(Crawled caption data)
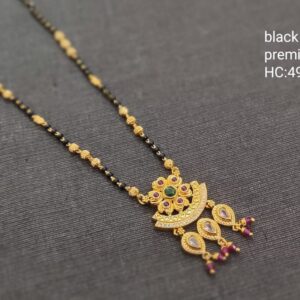 Joyalukkas Fashion Flower Karimani Mala One Gram Gold Plated 18 Inches Chain with Half Moon Pendant Locket Design Collections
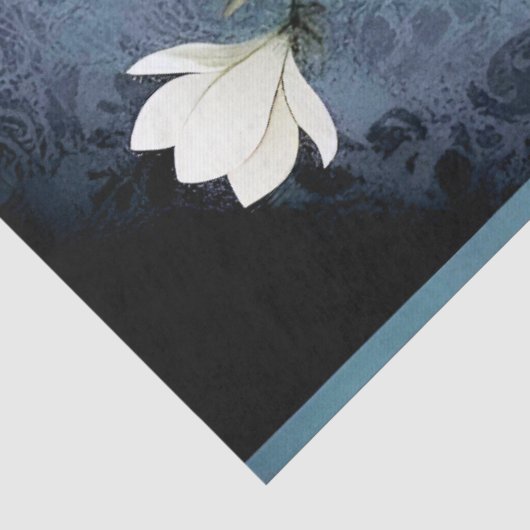 Decoupage Midnight Skull with Magnolia 薄葉紙 (詳細)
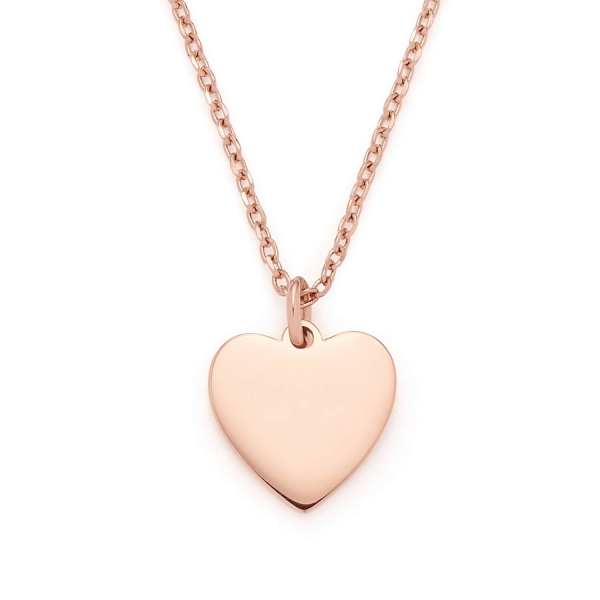 Edelstahl Halskette IP rosé Gold mit Herz und persönlicher Gravur.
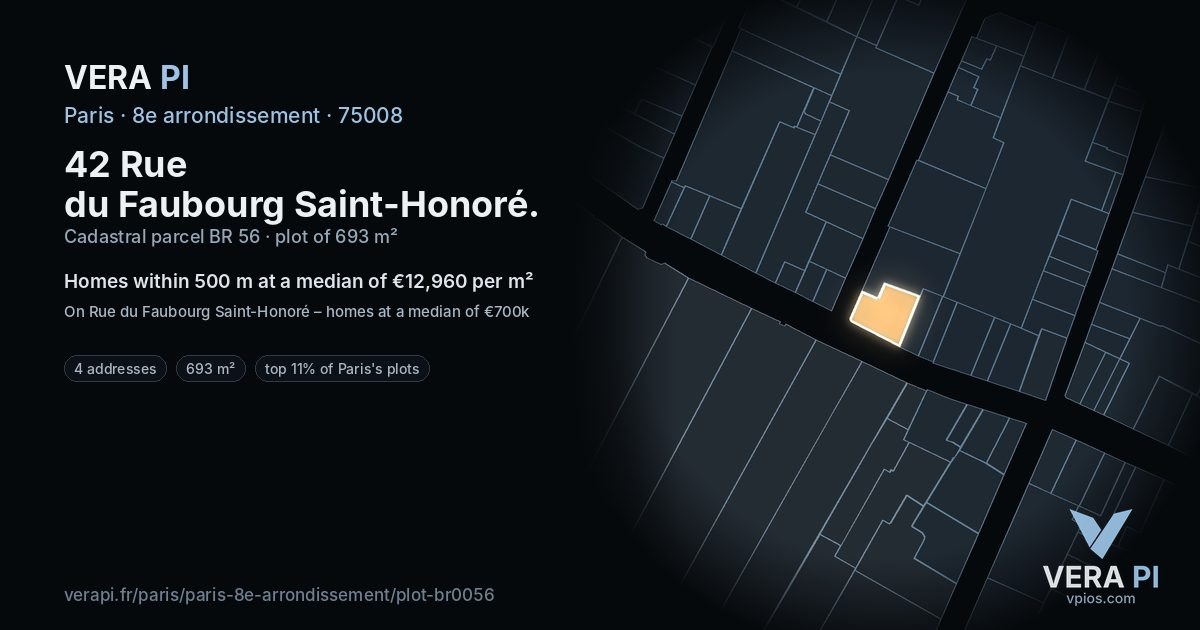 42 Rue du Faubourg Saint-Honoré, 8e arrondissement at night – the plot lit, the parcels around coloured by the prices near them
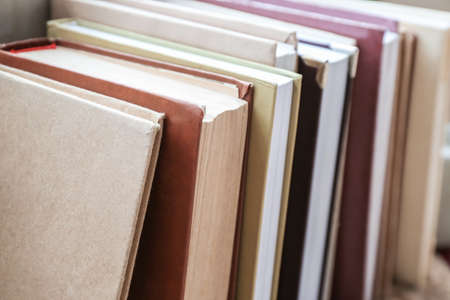 Stack of colorful books, closeupの写真素材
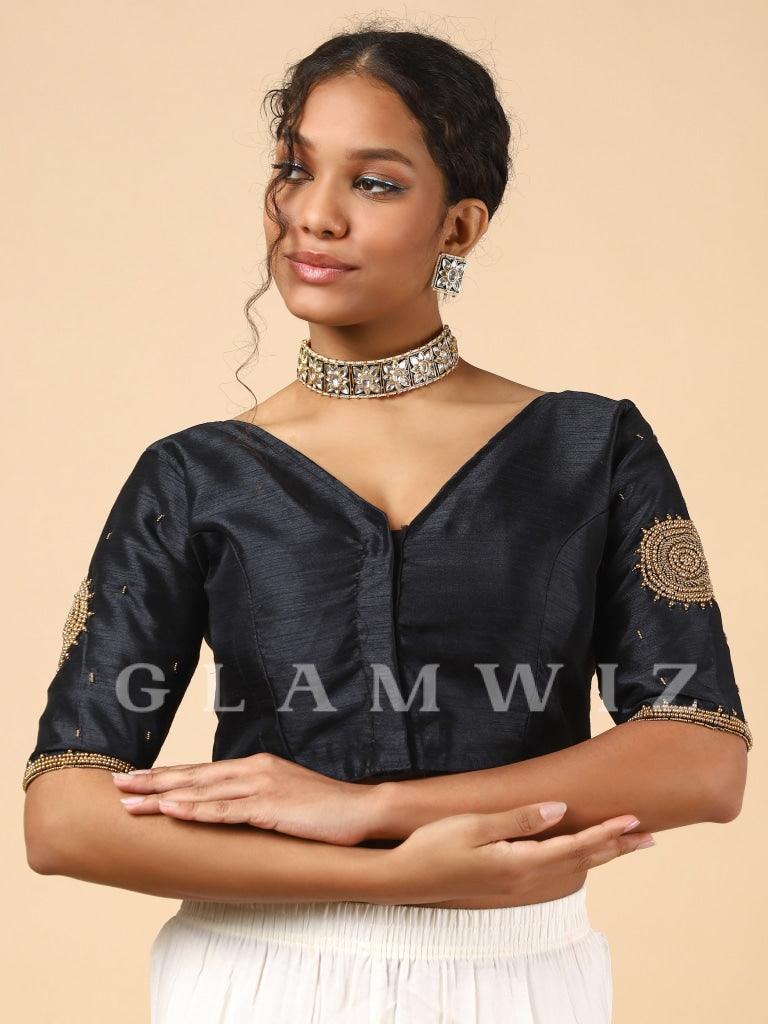 NEW! Black Venus Peace Silk Blouse • Elegant Goddess Sleeves Crop Top •  Adjustable Wrap Top | AYA Sacred Wear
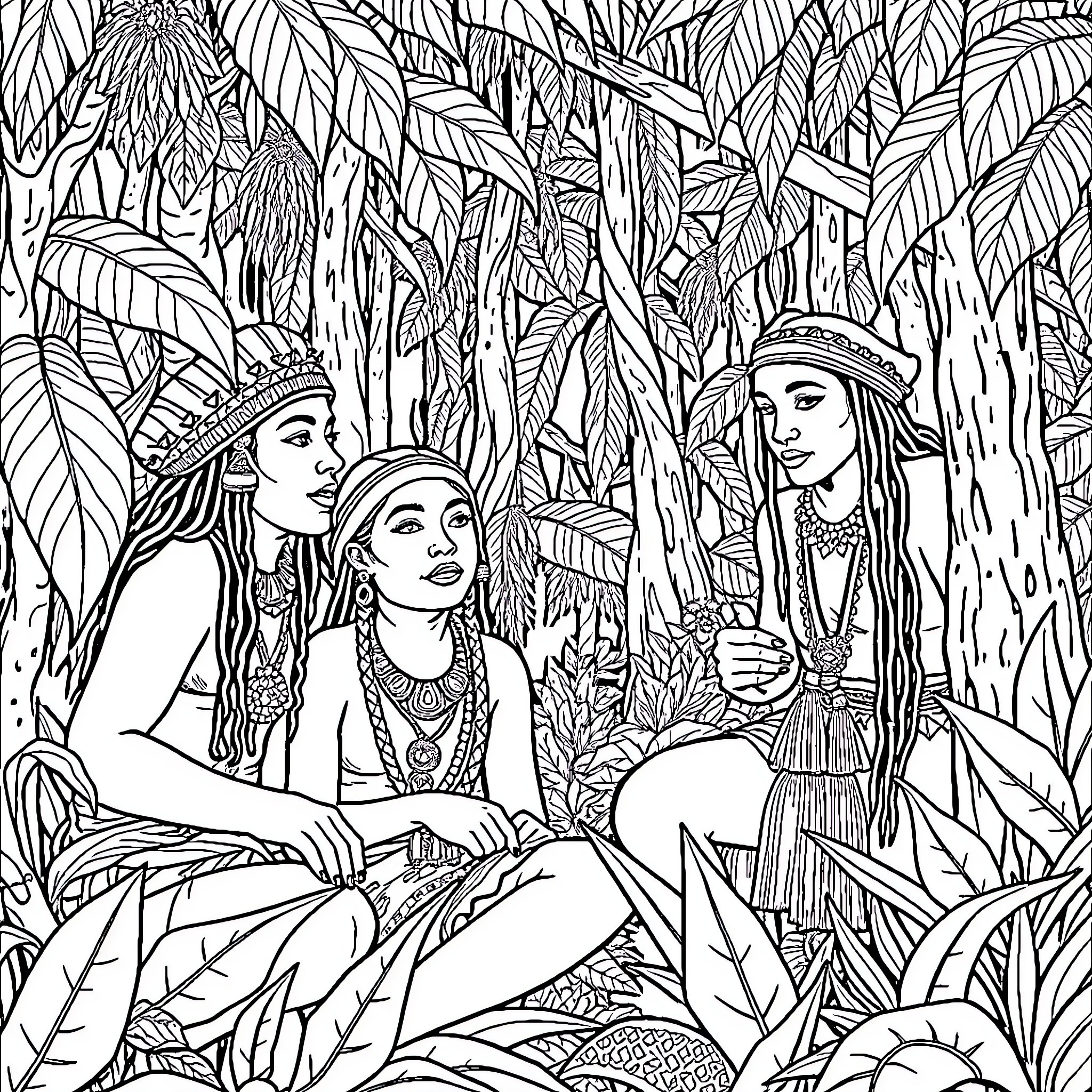 Auca Women Conversing in Lush Jungle Landscape Coloring Page (free black-and-white line drawing printable PDF for all, from beginners to advanced learners, including children, teens, adults, and seniors)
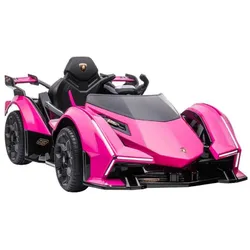 ES-Toys Kinder Elektroauto Lamborghini V12 Vision Gran Turismo Fernbedienung MP3 pink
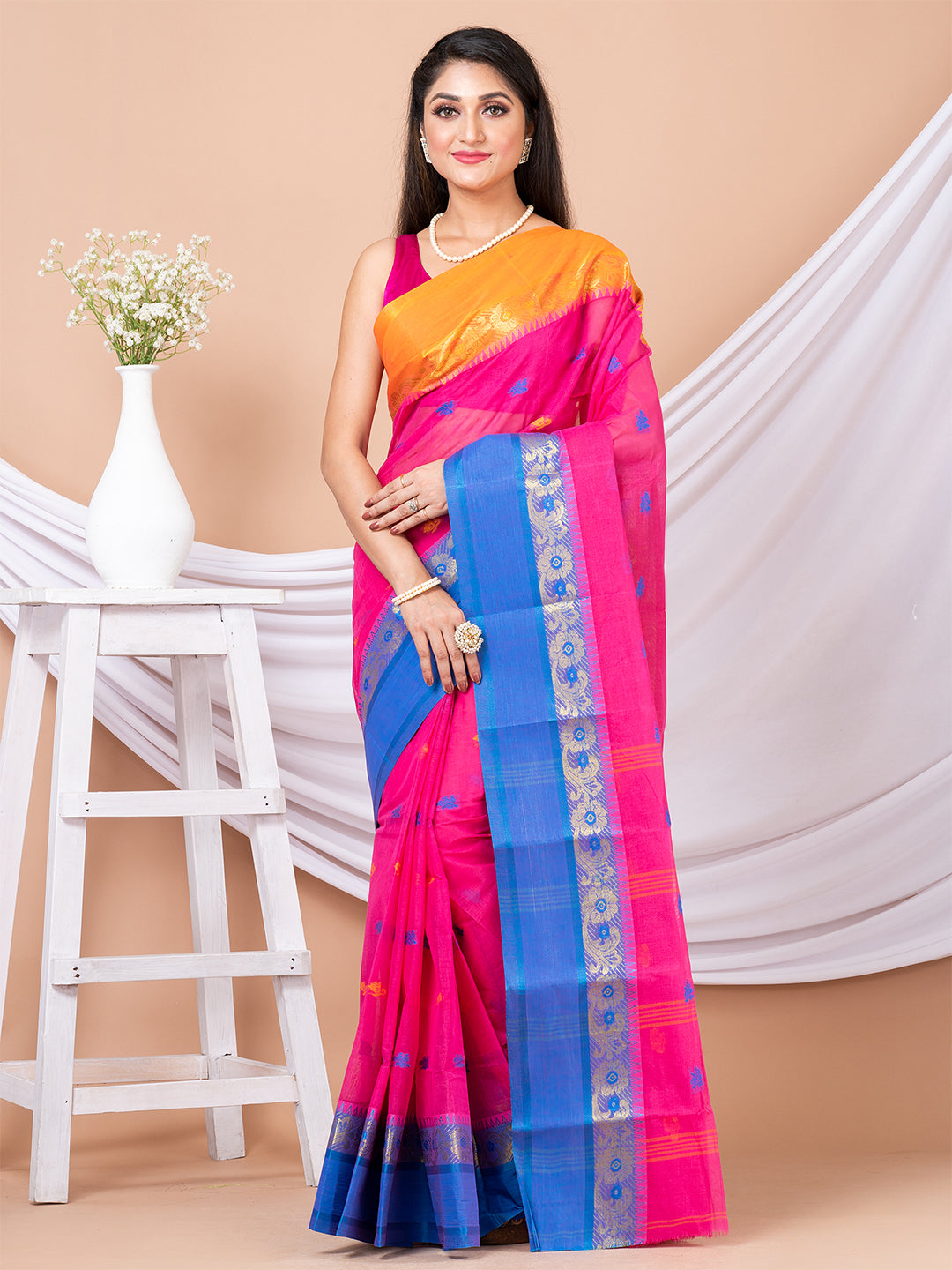 Pink & Multi pure Floral woven design cotton taant saree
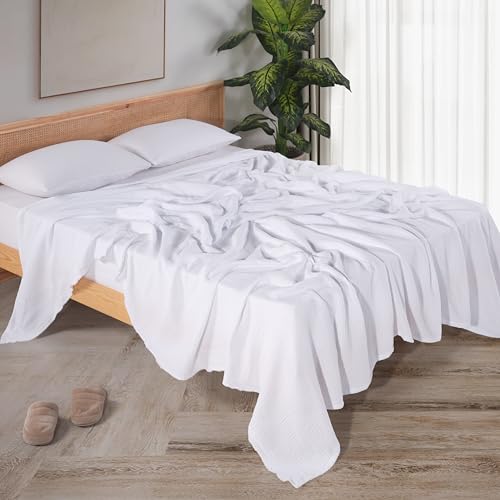 Muslin Blanket - Pure 100% Turkish Cotton Airy Soft Light Versatile Gauze Throw Blanket for Bed, Couch, Sofa (White, Twin XL Size (71" x 95" inch)) - color: White, size: Twin XL Size ( 71" x 95" inch )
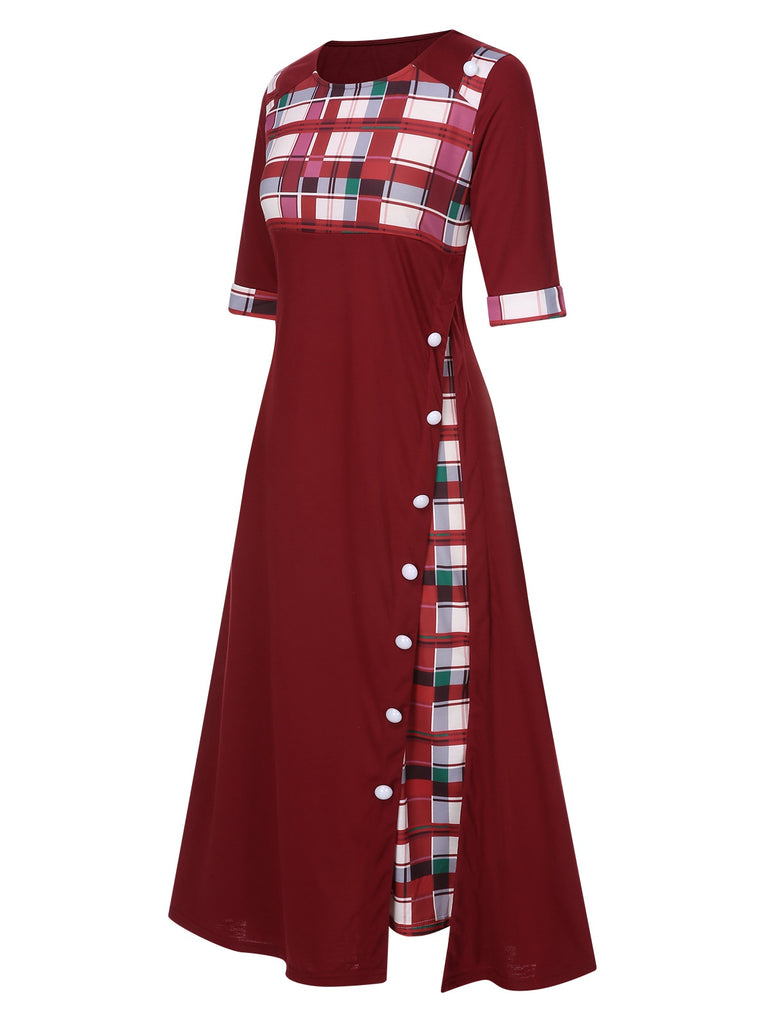 1940s Colorful Plaid Patchwork Buttoned Dress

WORK ORDER -> Repeat exactly the lines from the one containing "Pink & Multi" through the last line of the records above, both included, and leave out the pictures.

WRITTEN REPLY ->
 Pink & Multi pure Floral woven design cotton taant saree
 Muslin Blanket - Pure 100% Turkish Cotton Airy Soft Light Versatile Gauze Throw Blanket for Bed, Couch, Sofa (White, Twin XL Size (71" x 95" inch)) - color: White, size: Twin XL Size ( 71" x 95" inch )
 1940s Colorful Plaid Patchwork Buttoned Dress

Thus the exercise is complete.